Women and IMO Support

Credit UN News

Maritime and shipping has historically been a male dominated industry . The International Maritime Organization (IMO) discovered that women represent only 1-2 % of the world’s 1.25 million seafarers and they mostly work in cruise ships. The mission of a merchant ship is to carry cargo from one port to another in a safe and efficient manner. A ship’s culture is a reflection of masculine norms and values. Seafarers invariably live and work in cramped ,mobile, isolated and residential workplaces for extended periods and encounter social and emotional isolation.

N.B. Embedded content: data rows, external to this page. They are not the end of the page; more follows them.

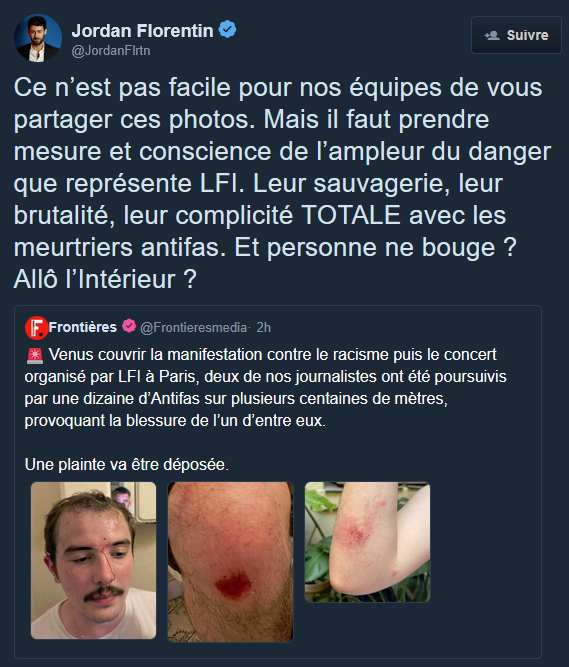 Kmeuh's tweet photo. miskine le boug il est tombé sur le goudron comme une giga merde ça devient une agression de l'esstraim gôche en diret https://t.co/PTA9eEqZIF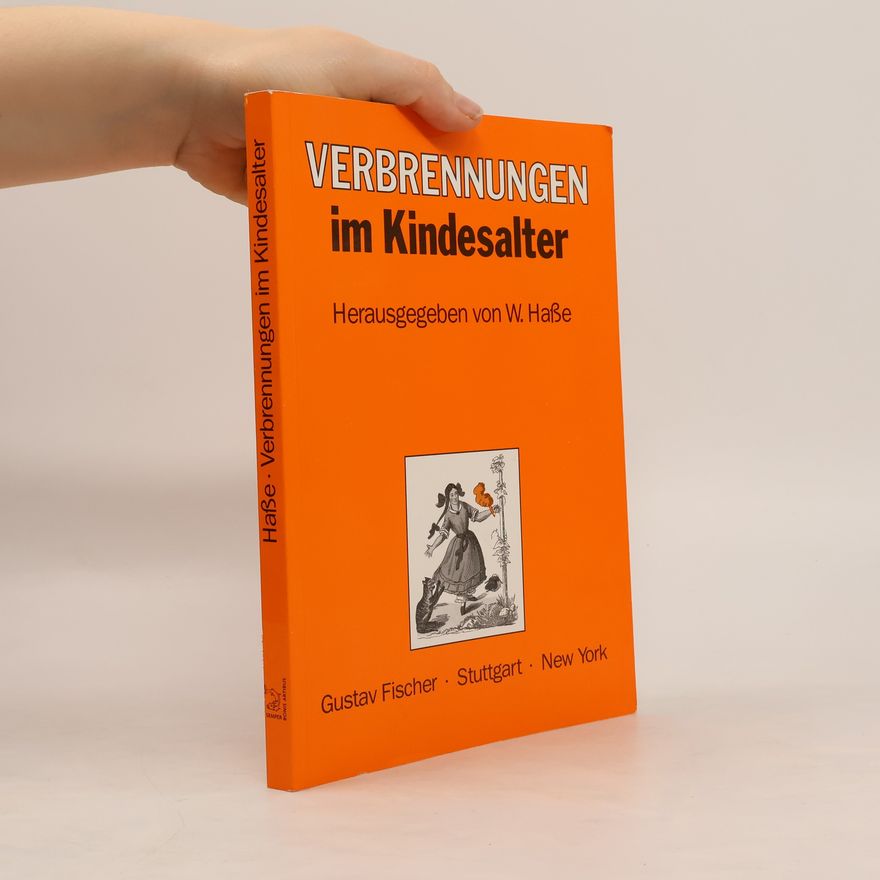Wolfgang Haße Verbrennungen im Kindesalter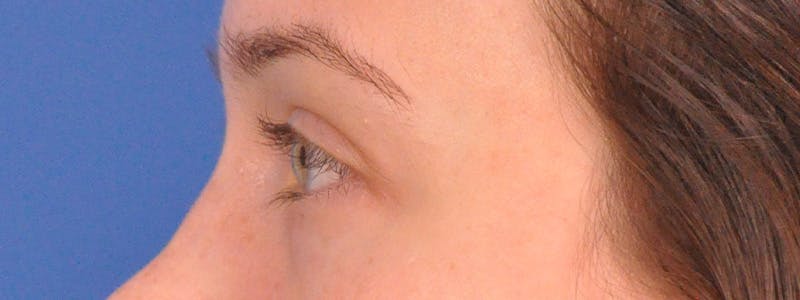 Tear Trough Filler Before & After Gallery - Patient 401813 - Image 10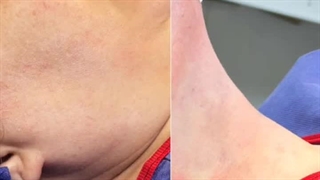 زاویه سازی و ساکشن غبغب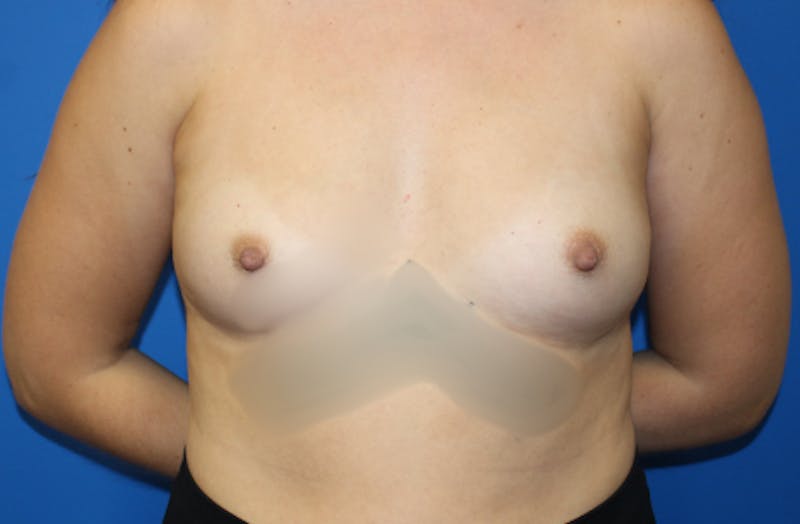 Breast Augmentation Before & After Gallery - Patient 298043 - Image 1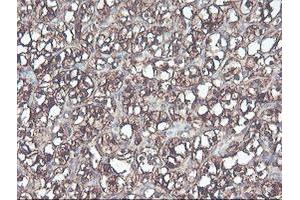 Image no. 9 for anti-CNDP Dipeptidase 2 (Metallopeptidase M20 Family) (CNDP2) antibody (ABIN1497548) (CNDP2 Antikörper)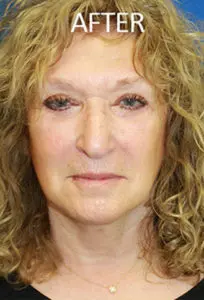 Mardirossian Facial Aesthetics Before and After Pictures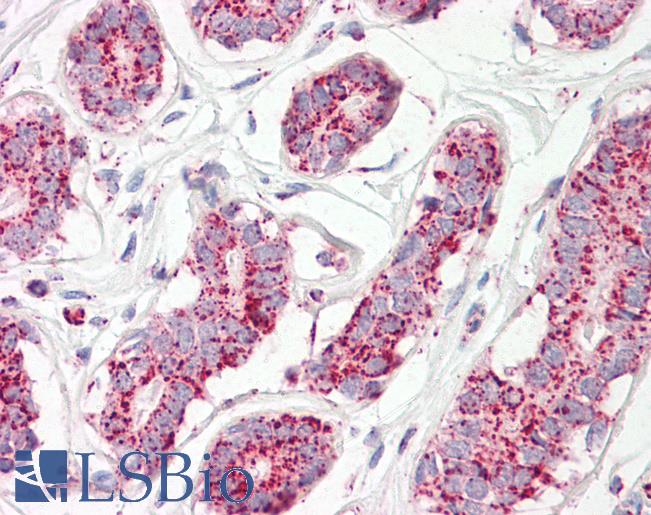 Anti-ACO2 / Aconitase 2 antibody IHC of human breast. Immunohistochemistry of formalin-fixed, paraffin-embedded tissue after heat-induced antigen retrieval. Antibody LS-B8320 dilution 3.75 ug/ml.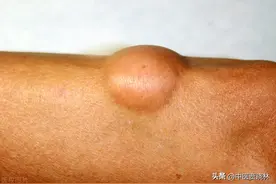 一个散结节的方子，横扫息肉、肌瘤、脂肪瘤，化一身包块图片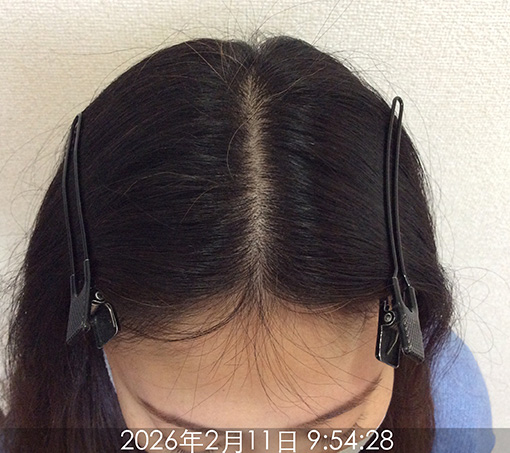 施術前1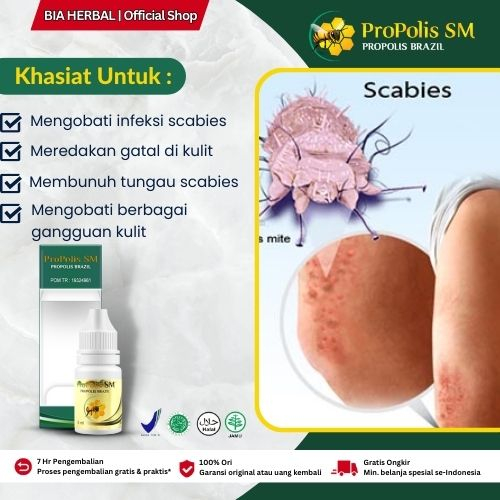 Jual Obat Scabies Rasa Gatal Kemerahan Akibat Infeksi Tungau Pada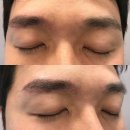 모차르트성형외과의원 | [모차르트성형외과] 용산 반영구 잘하는 곳 / 용산 남자눈썹문신 잘하는 곳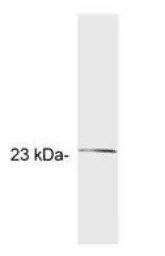 GCAP2 antibody [A1]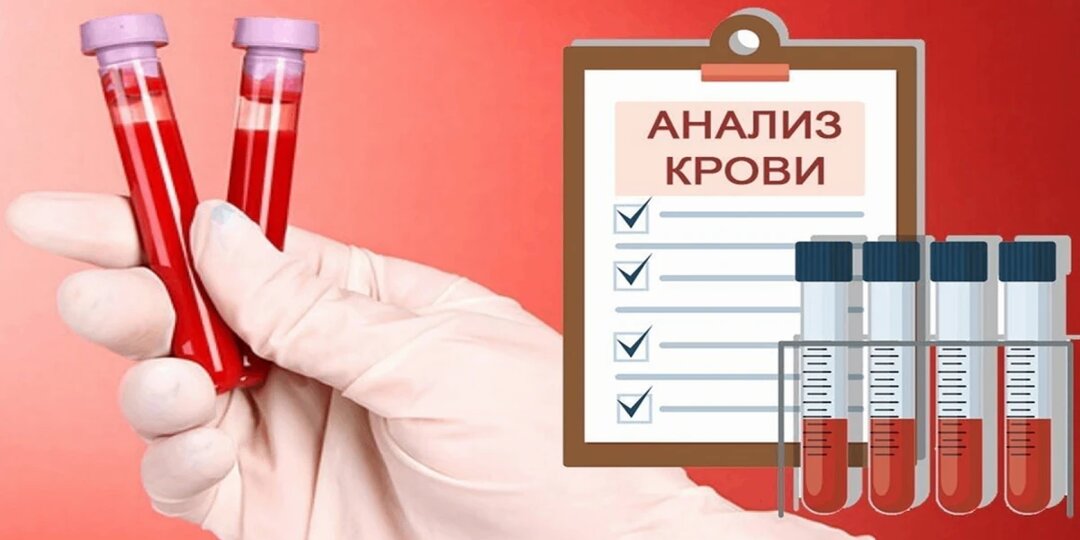 Что показывает общий анализ крови: расшифровка без страшилок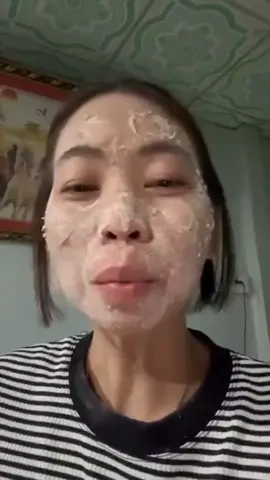 Peel tinh chất nuôi da rụng tàn nhang sau 3 ngày bong te tua #thinhhanhxuhuong #xuhuong #peeldasinhhọc #peelda #spa #taitao #namtannhang #thinhhanh #kemtrangda 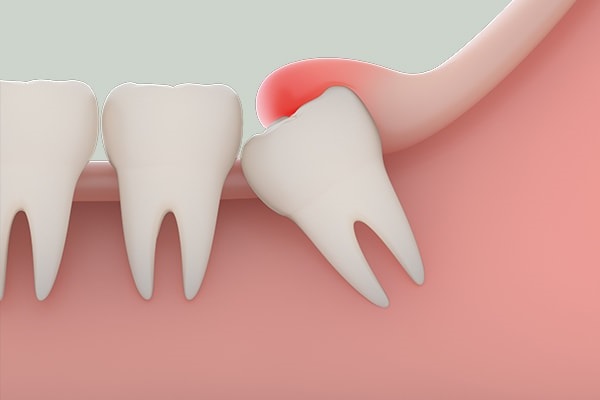 Dành cho ai thắc mắc răng khôn có nên nhổ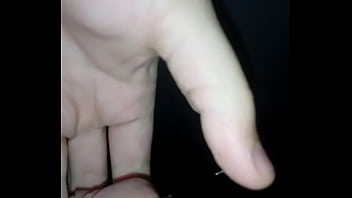 Preview 4 of Teluguboobs - How my dick looks like after circumcision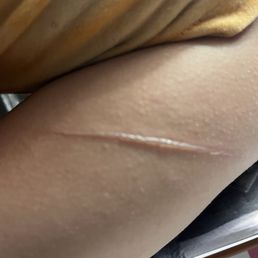Arm burn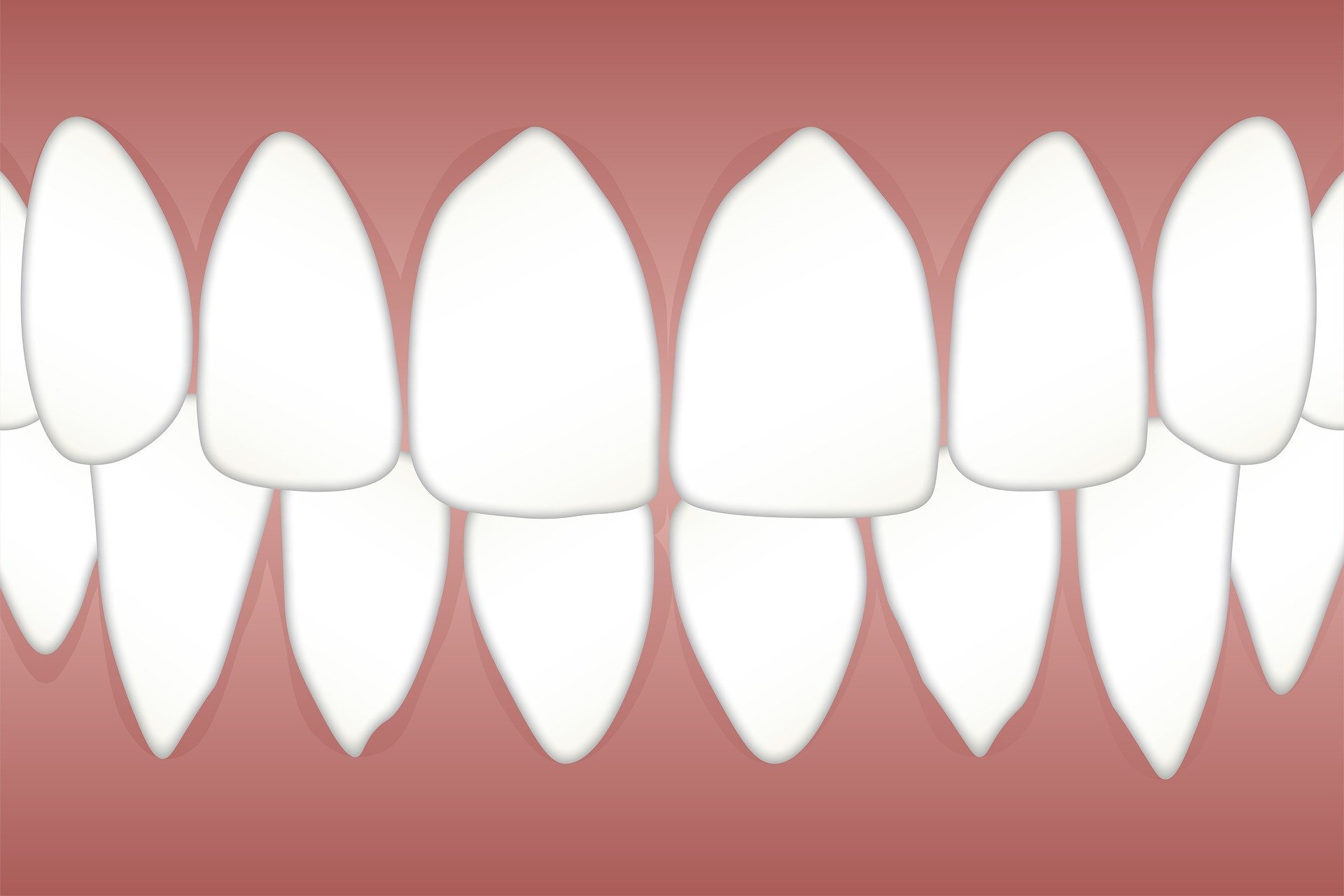 Men with periodontitis and erectile dysfunction more likely to suffer major cardiovascular event in the next four years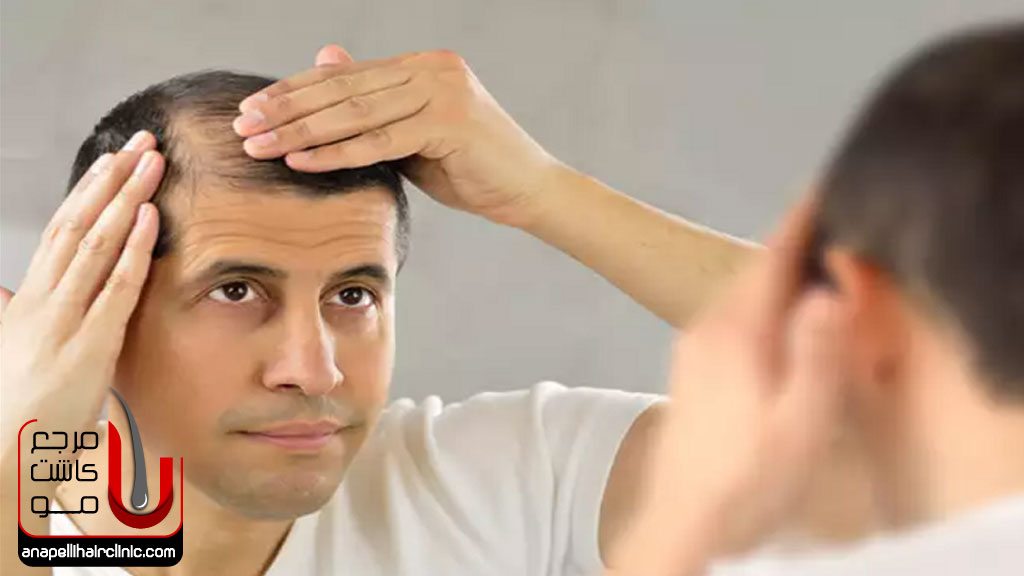 دلیل ریزش مو در مردان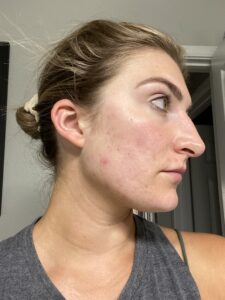 clearing up my skin + my battle with acne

Women in Maritime and SDG’s

Credit CIMSEC

The  IMO continues to support the participation of women in both shore-based and sea-going posts and advocates for its Member States to achieve the UN 2030 Agenda for Sustainable Development and particularly Goal 5  “Achieve gender equality and empower all women and girls”. IMO’s gender programme was initiated in 1988. At that time only a handful of maritime training institutes allowed women to enter their premises. Under IMO’s auspices eight Women in Maritime Associations (WIMAs) have been established in Africa, Arab States, Asia, the Caribbean, Latin America and the Pacific, covering some 152 countries and dependent territories and 490 participants.

Recent Advancements

Credit Military.com

The U.S. Merchant Marine Academy’s superintendent is the first woman to be appointed to the position in the institution’s nearly 80-year history . Retired U.S. Coast Guard Rear Admiral Joanna Nunan is taking over  the helm at the 1,000-person academy on New York’s Long Island .The institute had been the subject of lawsuits in matters of sexual harassment of female cadets.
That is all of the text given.